Entretanto, a capacidade de juízes e tribunais tomarem decisões políticas é frequentemente criticada, sob a alegação de violação à independência dos poderes, bem como de outros princípios democráticos que tornariam o Estado Democrático de Direito em um Estado Jurisdicional de Direito2.
Deixa-se para melhor análise em casos concretos sobre os posicionamentos que, de plano, repudiam o ativismo judicial, até mesmo porque parte dos casos submetidos ocorrem devido à inércia dos demais poderes na resolução das questões, motivados muitas das vezes pelo receio de tomar medidas impopulares e que comprometem pretensões políticas futuras.
Pode-se afirmar que os demais Poderes bem como a sociedade transferem a responsabilidade de decidir questões de alta relevância política3 e social ao Judiciário, o qual por sua vez também não pode se manter inerte diante do conflito.
Nesse sentido, é preciso salientar que é vedado ao julgador e às Cortes o julgamento non liquet, positivado na Lei de Introdução de Normas do Direito Brasileiro – Decreto-Lei 4.567/424.
Ademais, é necessário ressaltar o espaço onde o ativismo judicial se mostra mais presente: o dos hard cases, situações onde se verifica uma lacuna legal ou obscuridade de regras aplicáveis para a solução do conflito, de modo que enseja profunda reflexão pelo julgador e o uso de concepções que correlacionem o Direito com outros campos do saber, filosofia, política, dentre outros – inclusive a moral e ética. Nesta esteira:
Esse espaço especial do ativismo judicial é o das importantes questões constitucionais, aquelas que interferem marcadamente nos processos político-democráticos, que se ocupam de tormentosos conflitos de valores morais e políticos, alguns mesmo divisores de águas que, de tão relevantes, ‘determinam a natureza de uma sociedade e a qualidade de uma civilização’. Esses são os conflitos, principalmente envolvendo direitos fundamentais e limites de autoridade do governo, que mobilizam os poderes políticos e a sociedade em torno da solução a ser dada pela corte.5
Portanto, não se trata apenas de uma deliberação dos julgadores e das cortes constitucionais, mas também de uma gama de fatores, dentre eles a inércia dos demais poderes da república.
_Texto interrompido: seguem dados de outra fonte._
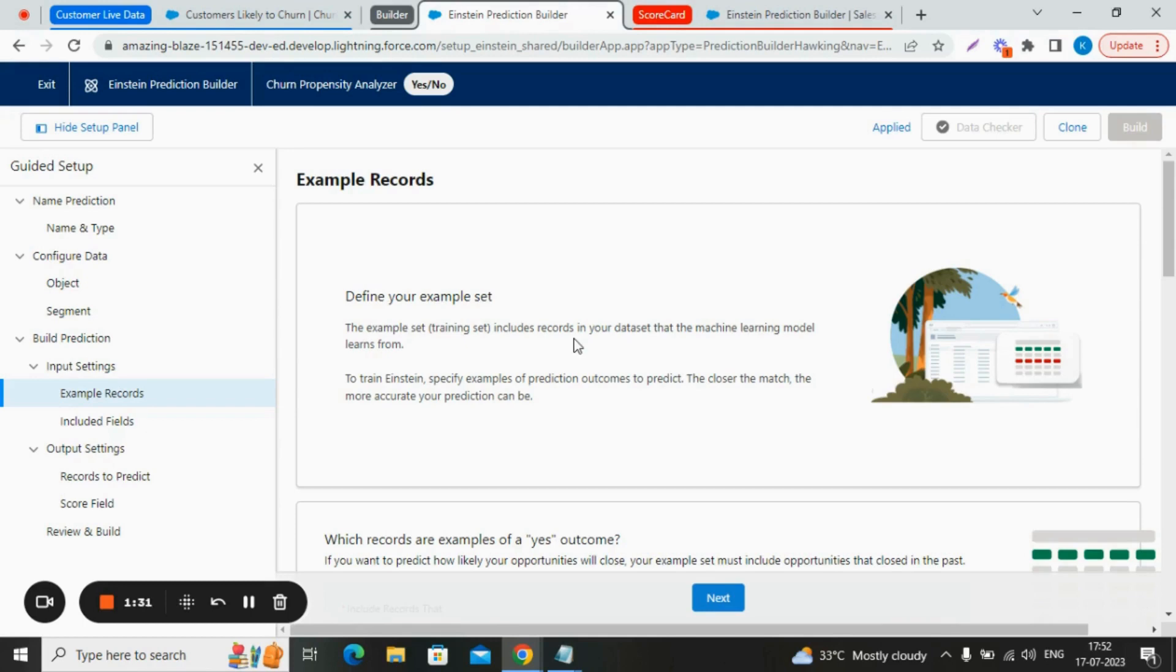By feeding these records into the Einstein prediction builder, the model learned the patterns and the relationships between the input fields and the corresponding outcomes. It recognized the factors that contribute to a yes or no record.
Insta salientar que, da mesma forma em que ocorre a politização do judiciário, há também a judicialização da política, o que motiva a estruturação do ativismo judicial.
2.1 Ativismo Judicial x Self-restraint
Em contraponto à teoria do ativismo judicial, destaca a teoria da autocontenção, autorrestrição ou self restraint, de origem norte-americana que ganhou força no final do século XIX, cujas propostas têm procurado diminuir a participação das cortes em decisões políticas e morais complexas, da qual se destacam como expoentes as teses de James Bradley Thayer, com a proposta do minimalismo substantivo; Alexander Bickel e as virtudes passivas; Cass Sunstein e o minimalismo judicial e Adrian Vermeule e a análise institucional da capacidade decisória das cortes, visando estabelecer limites na ingerência judiciária nos demais poderes, vistas no presente trabalho de forma superficial, eis que não se direciona ao principal objeto do estudo.
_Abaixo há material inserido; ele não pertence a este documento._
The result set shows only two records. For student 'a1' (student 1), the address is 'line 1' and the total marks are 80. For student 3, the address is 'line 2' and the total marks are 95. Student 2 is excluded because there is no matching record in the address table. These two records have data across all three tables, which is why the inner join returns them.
Segundo a teoria, uma vez que o Judiciário não é composto por representantes eleitos pelo povo, o mesmo carece de legitimidade para decidir questões de ordem pública-política. Nesse sentido, pela tese da autorrestrição,
Exige-se que os juízes evitem intromissões intensas e frequentes na esfera de liberdade do legislador. Trata-se da doutrina da autocontenção (self-restraint) do Judiciário, fortemente presente nos Estados Unidos. Critério básico é o requisito de inconstitucionalidade clara-evidente, aplicando-se a “regra do caso duvidoso”. Na dúvida, prevalece a opção do legislador, devendo o julgador abster-se de declarar a inconstitucionalidade: in dubio pro legislatore.6
No âmbito da autorrestrição judicial, podemos mencionar também algumas de suas dimensões. Segundo Carlos Alexandre de Azevedo Campos7, as condutas judiciais são orientadas pelos propósitos de deferência e da prudência, que são os núcleos da postura judicial autocontida que classifica como i) autorrestrição judicial estrutural, que subdivide-se em razão da autoridade jurídica constitucional e razão da capacidade epistêmica; ii) autorrestrição judicial prudencial, que subdivide-se em política e funcional.
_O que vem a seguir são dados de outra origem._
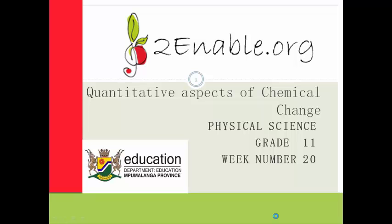Good day, grade 11s. Welcome to week 20. In this lesson we're going to have another look at limiting reagents and some problems that we can do with limiting reagents. The reason being is that limiting reagents can be quite a tricky concept, especially when you have to apply them to problems.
A autorrestrição judicial estrutural é a clássica autolimitação do poder judicial como exigência da própria ideia de estrutura de divisão dos poderes, constitucionalmente estabelecida, respeitada a equiparação e não intervenção.
Sua subdivisão resulta primeiramente do status de autoridade constitucionalmente atribuído ao agente que praticou o ato normativo sujeito a controle de constitucionalidade.
Quanto à capacidade epistêmica, esta consiste na deferência como modéstia judicial em favor do conhecimento mais privilegiado de outros poderes sobre as matérias em discussão.
No tocante a autorrestrição judicial prudencial, propõe-se a preservação institucional das cortes. Subdivide-se politicamente no temor das mesmas a possíveis reações adversas e funcionalmente é observada na preocupação dos Juízes com os efeitos sistêmicos e negativos das decisões sobre a própria funcionalidade da corte.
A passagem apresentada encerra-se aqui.